Build Organizational Positivity: Run a Story Contest

Remember in school when you had to write an essay on “What I did this summer?” This was your teacher’s way of teaching you the art of storytelling. Well, who ever said the storytelling should stop just because we’re all grown up? 

Everyone Wins

Soliciting stories from members of your organization is a quadruple win:

  • Storytellers enjoy the chance to highlight a meaningful experience, a proud moment or an appreciated person
  • Leaders learn about positive things happening within the organization
  • Teams enjoy the chance to share important events, moments with each other
  • The organization gains a purposeful archive of the great efforts, triumphs and creativity of its individuals and teams

An effective technique for eliciting stories from the people in your organization or from your customers is to run a story contest with winners and prizes. It’s amazing how excited adults can get over sharing stories. So, how do you create a contest?

Run a Story Contest in 7 Easy Steps

1. Define your contest. What is the purpose? What kind of information do you hope to elicit? Do you want individual stories, workplace stories, or excellent customer service stories? Ask a question that excites your target audience’s imagination. Examples:

  • What do I like best about working here?
  • How has our product or service improved the quality of daily life?
  • What does the future looks like if we succeed?

2. Decide how you’ll use the stories. Will the stories appear in your magazine, your intranet site, your internet site, your management meeting, or maybe on a special wall in the building?

3. Determine the prize(s) you’ll use to incentivize people to participate. Make sure that they are appropriate for your organization, audience, and budget.

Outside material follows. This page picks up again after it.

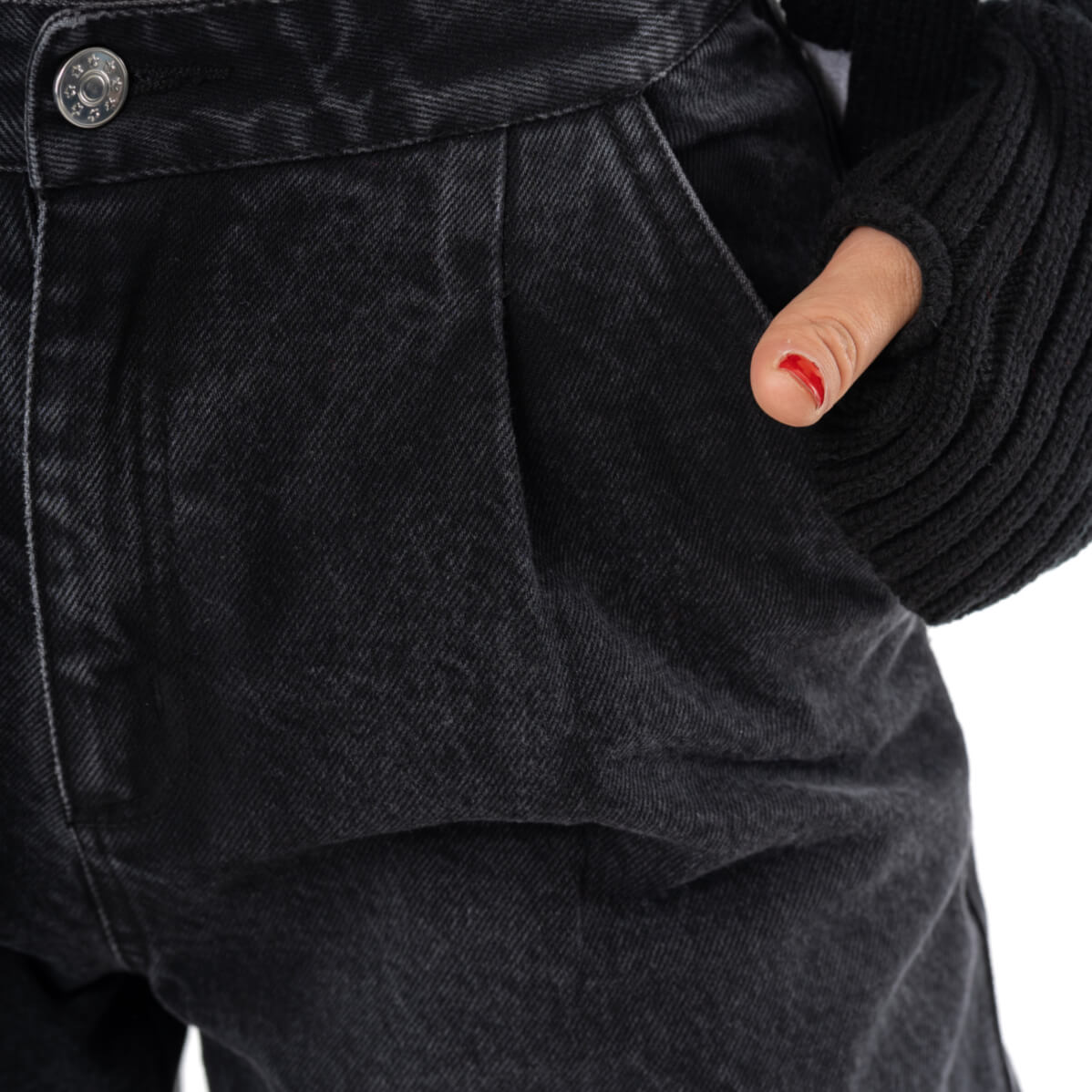 DEIA JEANS – BLACK STONEWASH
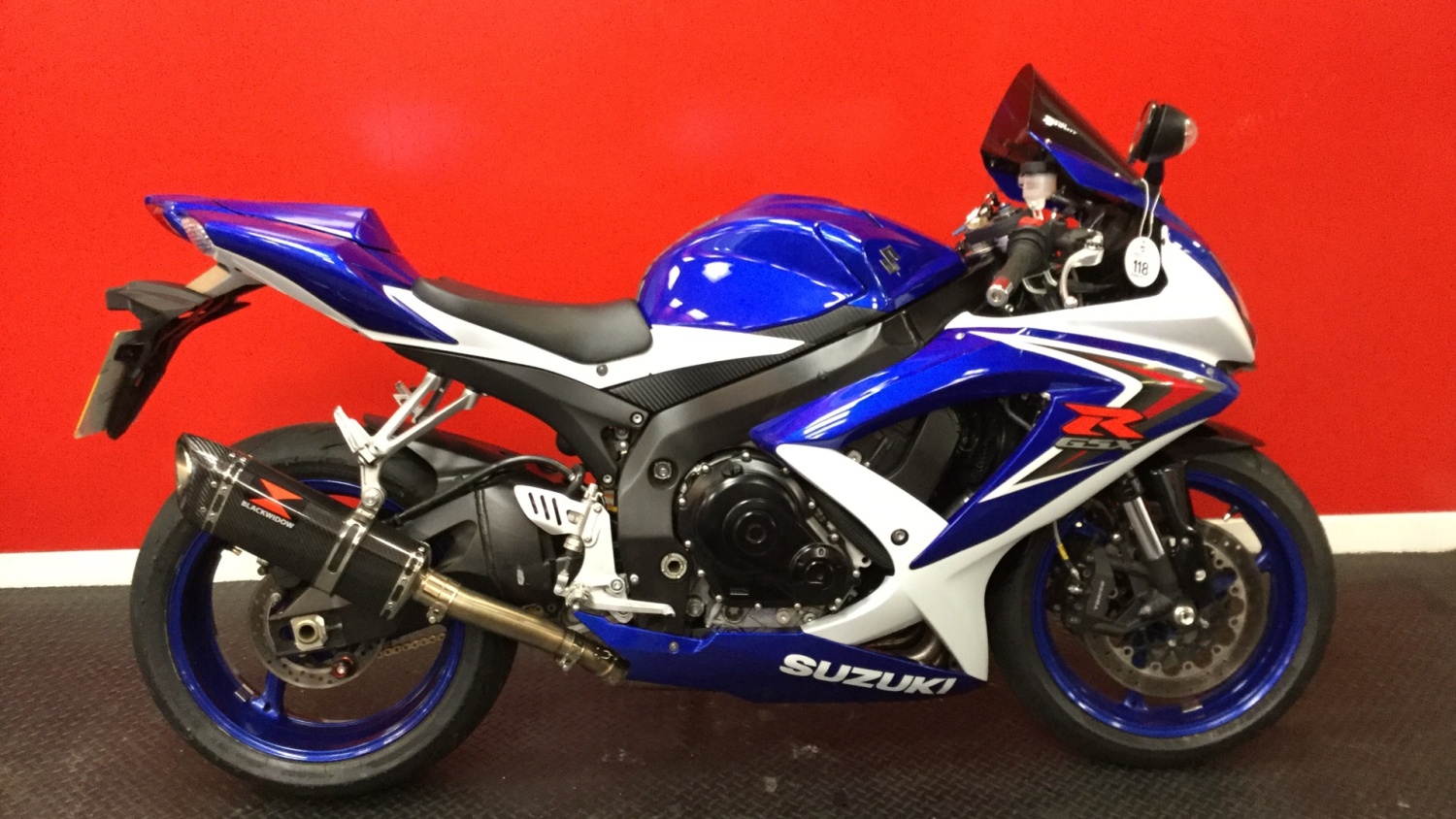 Suzuki gsx r750 k8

4. Establish your timeline and budget. Include the cost of prizes, translations, marketing, and time required. How long will your contest run? Build in time to market the contest, review the entries, and select a winner. Work backwards from your deadline.

5. Draw up the rules. Figure out how you will judge entries in advance – you’ll need to communicate this to participants.

6. Launch your contest. Develop and execute your marketing plan, including the who, what, where and when information on the contest. Monitor submissions, adjusting your marketing efforts as needed.

7. Select and announce your winner(s) and any runner-ups. Notify winners directly in advance before formal announcements are made.  Use winning entries in your communications, as planned.